Numerous negatively charged species do not represent stable species in
the gas phase with respect to spontaneous loss of an electron. That MO
calculations can be done at all on these species is simply due to the use of a
limited basis set. It is therefore suggested to always verify in calculations
on negatively charged species that the energy of the anionic system is lower
than the energy of the neutral system obtained after vertical neutralization.
This does not guarantee that the negatively charged system represents a bound
state, but certainly makes this more likely. A point in case is the
formaldehyde radical anion. This molecule can be optimized at the UHF/3-21G
level of theory and gives a result which is in line with expectation for ketyl
radical anions: the C-O bond is longer than in formaldehyde (1.319Å vs.
1.207Å), most of the negative charge is located at the oxygen atom and most of
the spin density is located on carbon. Comparison of the total energy of the
radical anion (-113.132324 hartree) with that of neutral formaldehyde after
vertical neutralization (-113.203973 hartree) shows, however, that the
formaldehyde radical anion does not represent a bound species in the gas phase.
The same result is obtained at other levels of theory.
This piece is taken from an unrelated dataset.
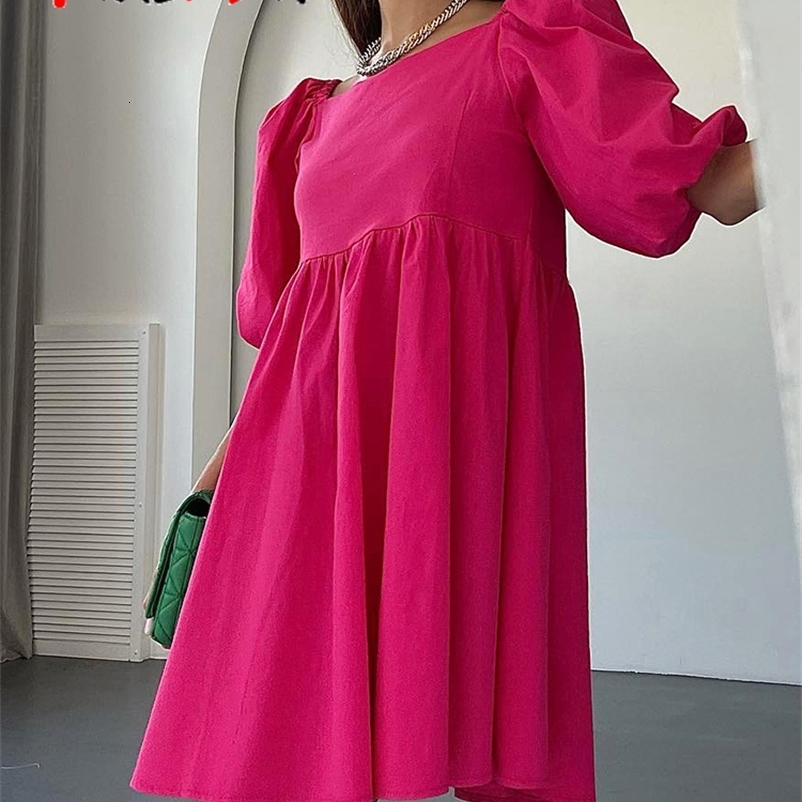 Casual Dresses Women's Summer Dress White Elegant 100% Cotton Casual Dresses Short Sleeve Ruffle A-line Mini Green Dress for Women Hit 230425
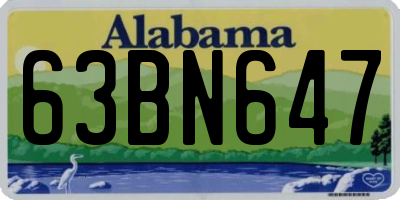 AL license plate 63BN647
The use of diffuse basis functions
in calculations of neutrals has usually little consequences. As can be seen in
Table I, the C-O bond length becomes slightly longer on inclusion of diffuse
basis functions. This can easily be understood as a consequence of removal of
some electron density from the internuclear region further away from the
molecules. The addition of diffuse functions does, however, significantly
increase the computational effort. For methanol, we have 26 basis functions and
42 primitives for the 3-21G, but 34 basis functions and 50 primitives for the
3-21+G basis set. The computational cost is further increased as SCF
convergence is more difficult to achieve with diffuse basis functions.